**DATASET CONTENT:**
*-*-*
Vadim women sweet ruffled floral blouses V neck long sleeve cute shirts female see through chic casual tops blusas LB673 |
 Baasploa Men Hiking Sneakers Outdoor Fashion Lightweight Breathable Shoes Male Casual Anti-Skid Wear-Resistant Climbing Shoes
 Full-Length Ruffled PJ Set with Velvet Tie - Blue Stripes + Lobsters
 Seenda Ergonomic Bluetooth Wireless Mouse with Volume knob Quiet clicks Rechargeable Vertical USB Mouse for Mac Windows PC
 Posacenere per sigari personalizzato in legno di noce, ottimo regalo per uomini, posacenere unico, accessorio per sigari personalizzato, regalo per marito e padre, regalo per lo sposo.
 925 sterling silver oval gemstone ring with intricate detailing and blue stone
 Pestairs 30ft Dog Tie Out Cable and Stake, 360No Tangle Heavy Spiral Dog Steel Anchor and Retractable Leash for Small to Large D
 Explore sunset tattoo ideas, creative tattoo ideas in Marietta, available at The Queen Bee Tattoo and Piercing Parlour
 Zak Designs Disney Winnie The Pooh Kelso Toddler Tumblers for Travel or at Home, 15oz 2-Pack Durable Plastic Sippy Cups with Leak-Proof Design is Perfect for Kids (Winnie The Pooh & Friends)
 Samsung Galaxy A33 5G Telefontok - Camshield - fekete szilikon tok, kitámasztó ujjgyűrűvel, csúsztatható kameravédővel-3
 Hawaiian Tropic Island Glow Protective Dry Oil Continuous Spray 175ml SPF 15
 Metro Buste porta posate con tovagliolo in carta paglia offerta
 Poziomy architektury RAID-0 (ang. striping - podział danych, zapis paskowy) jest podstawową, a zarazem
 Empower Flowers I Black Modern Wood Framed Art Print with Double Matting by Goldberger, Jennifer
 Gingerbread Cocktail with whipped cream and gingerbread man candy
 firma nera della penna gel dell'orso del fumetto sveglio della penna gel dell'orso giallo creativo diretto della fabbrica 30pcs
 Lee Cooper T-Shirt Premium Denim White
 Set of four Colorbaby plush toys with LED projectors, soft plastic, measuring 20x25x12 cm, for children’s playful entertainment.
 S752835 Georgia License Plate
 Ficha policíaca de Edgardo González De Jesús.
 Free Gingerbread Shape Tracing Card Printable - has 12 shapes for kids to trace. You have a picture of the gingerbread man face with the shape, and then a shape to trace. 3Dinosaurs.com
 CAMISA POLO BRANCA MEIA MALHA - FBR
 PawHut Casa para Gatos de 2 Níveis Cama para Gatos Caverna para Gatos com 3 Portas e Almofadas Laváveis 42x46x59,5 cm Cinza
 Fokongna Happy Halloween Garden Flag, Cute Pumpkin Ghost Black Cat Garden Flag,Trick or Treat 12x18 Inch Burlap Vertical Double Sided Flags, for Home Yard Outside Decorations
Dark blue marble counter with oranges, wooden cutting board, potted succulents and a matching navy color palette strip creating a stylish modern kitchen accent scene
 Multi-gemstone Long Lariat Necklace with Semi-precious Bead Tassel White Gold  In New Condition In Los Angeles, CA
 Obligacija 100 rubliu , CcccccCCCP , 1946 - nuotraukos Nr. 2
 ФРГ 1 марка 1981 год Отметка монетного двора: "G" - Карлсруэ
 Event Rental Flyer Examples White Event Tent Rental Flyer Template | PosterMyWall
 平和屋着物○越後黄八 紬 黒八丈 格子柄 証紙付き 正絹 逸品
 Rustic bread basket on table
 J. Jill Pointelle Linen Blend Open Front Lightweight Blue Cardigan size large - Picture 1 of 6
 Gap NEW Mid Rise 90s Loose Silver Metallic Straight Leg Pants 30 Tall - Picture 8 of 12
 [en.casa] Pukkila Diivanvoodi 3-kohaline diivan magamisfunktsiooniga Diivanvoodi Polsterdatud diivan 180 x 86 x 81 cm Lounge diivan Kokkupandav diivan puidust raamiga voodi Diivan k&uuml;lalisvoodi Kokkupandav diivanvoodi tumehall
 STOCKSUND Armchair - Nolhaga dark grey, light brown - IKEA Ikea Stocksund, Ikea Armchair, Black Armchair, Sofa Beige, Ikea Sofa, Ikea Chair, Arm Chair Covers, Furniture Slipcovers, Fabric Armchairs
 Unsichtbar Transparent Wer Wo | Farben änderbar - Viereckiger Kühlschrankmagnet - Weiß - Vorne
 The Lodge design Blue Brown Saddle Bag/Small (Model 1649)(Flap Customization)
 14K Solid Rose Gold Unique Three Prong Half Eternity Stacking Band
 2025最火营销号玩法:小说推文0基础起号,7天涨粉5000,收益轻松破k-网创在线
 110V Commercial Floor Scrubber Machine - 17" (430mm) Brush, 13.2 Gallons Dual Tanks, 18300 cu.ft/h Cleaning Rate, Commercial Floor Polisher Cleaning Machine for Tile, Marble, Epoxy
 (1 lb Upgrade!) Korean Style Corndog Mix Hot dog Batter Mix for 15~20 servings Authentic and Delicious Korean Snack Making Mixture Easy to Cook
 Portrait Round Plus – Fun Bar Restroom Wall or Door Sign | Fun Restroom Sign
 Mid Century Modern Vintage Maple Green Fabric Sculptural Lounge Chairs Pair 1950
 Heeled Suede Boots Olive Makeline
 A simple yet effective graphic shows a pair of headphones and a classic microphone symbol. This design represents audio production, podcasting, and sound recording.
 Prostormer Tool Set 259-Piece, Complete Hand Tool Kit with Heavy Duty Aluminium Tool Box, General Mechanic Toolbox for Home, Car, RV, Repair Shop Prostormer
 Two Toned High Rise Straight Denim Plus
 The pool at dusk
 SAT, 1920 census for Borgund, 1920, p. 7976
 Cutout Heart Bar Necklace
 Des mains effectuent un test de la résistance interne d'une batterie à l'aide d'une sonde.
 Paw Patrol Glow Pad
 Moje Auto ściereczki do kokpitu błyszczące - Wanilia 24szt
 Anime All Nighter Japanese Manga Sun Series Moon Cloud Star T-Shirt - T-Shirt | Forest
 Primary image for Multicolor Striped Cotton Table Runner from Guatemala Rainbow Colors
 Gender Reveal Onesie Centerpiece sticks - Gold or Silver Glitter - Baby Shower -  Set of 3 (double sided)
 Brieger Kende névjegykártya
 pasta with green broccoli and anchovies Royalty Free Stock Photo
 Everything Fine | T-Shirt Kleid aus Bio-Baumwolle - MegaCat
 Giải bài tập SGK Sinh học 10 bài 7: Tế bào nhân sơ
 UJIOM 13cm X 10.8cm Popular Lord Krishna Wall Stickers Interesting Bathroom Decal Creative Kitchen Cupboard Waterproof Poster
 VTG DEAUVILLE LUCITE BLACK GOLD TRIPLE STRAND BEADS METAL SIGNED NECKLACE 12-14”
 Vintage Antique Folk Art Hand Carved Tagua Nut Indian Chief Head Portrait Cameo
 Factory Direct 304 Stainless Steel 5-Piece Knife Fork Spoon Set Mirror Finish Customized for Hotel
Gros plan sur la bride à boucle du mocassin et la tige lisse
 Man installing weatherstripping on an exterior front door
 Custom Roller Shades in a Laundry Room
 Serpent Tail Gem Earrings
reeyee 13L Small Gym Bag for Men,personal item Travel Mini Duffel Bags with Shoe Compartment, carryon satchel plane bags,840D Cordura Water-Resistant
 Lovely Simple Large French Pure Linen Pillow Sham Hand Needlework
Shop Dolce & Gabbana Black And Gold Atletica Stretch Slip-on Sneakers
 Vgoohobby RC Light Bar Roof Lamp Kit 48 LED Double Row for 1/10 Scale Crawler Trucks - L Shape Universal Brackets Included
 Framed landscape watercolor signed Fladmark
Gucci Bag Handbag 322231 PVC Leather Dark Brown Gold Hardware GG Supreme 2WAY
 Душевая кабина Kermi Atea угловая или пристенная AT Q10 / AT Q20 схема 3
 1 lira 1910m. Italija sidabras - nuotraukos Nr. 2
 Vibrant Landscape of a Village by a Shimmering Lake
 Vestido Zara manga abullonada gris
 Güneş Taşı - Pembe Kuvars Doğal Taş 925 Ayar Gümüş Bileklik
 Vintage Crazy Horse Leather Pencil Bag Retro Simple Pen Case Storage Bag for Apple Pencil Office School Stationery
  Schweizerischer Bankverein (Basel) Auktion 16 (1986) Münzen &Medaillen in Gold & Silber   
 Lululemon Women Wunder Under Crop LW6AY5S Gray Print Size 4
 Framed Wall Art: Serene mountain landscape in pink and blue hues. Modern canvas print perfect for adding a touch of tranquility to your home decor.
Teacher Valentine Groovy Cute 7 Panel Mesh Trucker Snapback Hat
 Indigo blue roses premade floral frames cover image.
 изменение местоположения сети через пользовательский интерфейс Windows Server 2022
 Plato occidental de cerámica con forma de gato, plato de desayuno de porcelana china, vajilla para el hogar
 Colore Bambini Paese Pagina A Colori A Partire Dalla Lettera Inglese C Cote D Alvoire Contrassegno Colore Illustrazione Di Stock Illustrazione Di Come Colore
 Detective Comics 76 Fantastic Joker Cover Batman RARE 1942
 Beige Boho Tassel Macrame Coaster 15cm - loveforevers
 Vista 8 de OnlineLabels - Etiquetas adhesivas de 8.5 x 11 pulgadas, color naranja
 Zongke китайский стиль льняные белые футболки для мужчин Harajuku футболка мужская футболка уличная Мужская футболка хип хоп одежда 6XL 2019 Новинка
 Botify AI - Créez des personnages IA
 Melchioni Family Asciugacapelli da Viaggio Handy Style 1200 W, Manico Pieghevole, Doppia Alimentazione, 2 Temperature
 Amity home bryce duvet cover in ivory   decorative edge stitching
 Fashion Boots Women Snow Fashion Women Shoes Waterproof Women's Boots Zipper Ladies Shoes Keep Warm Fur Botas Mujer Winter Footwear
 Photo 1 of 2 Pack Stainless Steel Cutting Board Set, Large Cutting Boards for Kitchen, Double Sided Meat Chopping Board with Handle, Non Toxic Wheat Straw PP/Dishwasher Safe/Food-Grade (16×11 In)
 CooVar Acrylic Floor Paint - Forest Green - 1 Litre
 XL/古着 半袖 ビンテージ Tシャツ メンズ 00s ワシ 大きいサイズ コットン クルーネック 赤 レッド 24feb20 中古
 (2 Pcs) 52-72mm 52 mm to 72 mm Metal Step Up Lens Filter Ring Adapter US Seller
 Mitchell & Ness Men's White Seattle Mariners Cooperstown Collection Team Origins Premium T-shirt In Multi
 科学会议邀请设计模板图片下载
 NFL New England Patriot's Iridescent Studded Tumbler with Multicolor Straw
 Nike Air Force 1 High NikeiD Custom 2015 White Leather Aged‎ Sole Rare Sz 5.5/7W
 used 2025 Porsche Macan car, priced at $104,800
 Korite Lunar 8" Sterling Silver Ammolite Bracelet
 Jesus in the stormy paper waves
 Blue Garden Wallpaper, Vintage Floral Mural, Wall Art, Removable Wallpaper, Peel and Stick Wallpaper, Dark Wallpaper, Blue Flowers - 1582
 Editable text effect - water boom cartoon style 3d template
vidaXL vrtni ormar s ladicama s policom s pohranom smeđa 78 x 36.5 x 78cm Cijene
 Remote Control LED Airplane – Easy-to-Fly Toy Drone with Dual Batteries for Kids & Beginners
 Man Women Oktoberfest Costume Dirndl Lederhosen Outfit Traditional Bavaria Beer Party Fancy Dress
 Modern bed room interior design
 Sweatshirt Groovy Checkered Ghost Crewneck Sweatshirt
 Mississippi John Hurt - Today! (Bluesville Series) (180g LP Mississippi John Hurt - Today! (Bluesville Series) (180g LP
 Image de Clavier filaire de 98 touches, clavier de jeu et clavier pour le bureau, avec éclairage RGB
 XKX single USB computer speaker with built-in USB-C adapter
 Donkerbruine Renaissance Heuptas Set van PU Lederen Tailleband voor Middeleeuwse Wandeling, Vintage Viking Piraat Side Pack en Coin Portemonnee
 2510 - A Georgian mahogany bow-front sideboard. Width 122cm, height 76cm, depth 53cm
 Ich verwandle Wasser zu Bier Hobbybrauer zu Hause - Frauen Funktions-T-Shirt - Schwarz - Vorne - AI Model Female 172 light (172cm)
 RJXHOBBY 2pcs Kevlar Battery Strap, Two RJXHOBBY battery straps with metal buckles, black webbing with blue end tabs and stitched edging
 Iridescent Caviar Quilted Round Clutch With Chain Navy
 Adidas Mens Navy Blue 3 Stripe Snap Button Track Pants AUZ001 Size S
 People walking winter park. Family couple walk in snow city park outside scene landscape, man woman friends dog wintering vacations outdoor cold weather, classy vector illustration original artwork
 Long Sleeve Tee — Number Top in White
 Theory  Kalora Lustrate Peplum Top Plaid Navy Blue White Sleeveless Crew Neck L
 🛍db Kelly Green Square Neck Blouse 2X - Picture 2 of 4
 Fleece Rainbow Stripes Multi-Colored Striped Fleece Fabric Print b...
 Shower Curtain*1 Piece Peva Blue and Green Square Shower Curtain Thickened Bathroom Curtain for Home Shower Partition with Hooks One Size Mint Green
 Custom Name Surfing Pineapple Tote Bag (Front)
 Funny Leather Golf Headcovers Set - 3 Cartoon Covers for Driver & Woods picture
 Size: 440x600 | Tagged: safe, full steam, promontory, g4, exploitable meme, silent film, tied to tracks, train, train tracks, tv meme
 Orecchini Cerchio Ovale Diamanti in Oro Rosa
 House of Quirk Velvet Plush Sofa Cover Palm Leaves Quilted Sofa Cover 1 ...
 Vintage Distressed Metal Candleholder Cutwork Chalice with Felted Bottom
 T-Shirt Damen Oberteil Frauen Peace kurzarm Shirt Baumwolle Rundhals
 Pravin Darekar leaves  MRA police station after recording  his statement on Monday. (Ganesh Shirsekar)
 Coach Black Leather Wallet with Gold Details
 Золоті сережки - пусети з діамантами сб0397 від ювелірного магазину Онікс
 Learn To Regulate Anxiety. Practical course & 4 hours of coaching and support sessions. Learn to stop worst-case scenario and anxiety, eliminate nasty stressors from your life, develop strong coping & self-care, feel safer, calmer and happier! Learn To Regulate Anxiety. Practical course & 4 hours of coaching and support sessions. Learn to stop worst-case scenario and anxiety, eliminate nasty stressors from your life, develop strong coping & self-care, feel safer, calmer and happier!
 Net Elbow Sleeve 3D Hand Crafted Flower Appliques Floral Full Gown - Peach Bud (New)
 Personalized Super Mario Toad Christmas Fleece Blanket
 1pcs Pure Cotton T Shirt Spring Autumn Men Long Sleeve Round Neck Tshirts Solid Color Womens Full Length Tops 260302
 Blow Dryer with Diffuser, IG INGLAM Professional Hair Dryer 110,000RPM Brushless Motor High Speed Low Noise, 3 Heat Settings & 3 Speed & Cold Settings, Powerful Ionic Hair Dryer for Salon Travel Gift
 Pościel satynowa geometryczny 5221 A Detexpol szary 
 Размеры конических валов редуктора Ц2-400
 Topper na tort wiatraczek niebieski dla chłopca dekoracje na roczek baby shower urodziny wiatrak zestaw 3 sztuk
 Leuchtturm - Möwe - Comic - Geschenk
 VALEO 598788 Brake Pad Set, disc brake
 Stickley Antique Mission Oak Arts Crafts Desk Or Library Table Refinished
*-*-*
**TASK BRIEF:** After locating the line with "Fleece Rainbow Stripes" in the material above, return it and each line after it exactly, ending at the line with "T-Shirt Damen Oberteil".

**SOLUTION TO THIS TASK:**
 Fleece Rainbow Stripes Multi-Colored Striped Fleece Fabric Print b...
 Shower Curtain*1 Piece Peva Blue and Green Square Shower Curtain Thickened Bathroom Curtain for Home Shower Partition with Hooks One Size Mint Green
 Custom Name Surfing Pineapple Tote Bag (Front)
 Funny Leather Golf Headcovers Set - 3 Cartoon Covers for Driver & Woods picture
 Size: 440x600 | Tagged: safe, full steam, promontory, g4, exploitable meme, silent film, tied to tracks, train, train tracks, tv meme
 Orecchini Cerchio Ovale Diamanti in Oro Rosa
 House of Quirk Velvet Plush Sofa Cover Palm Leaves Quilted Sofa Cover 1 ...
 Vintage Distressed Metal Candleholder Cutwork Chalice with Felted Bottom
 T-Shirt Damen Oberteil Frauen Peace kurzarm Shirt Baumwolle Rundhals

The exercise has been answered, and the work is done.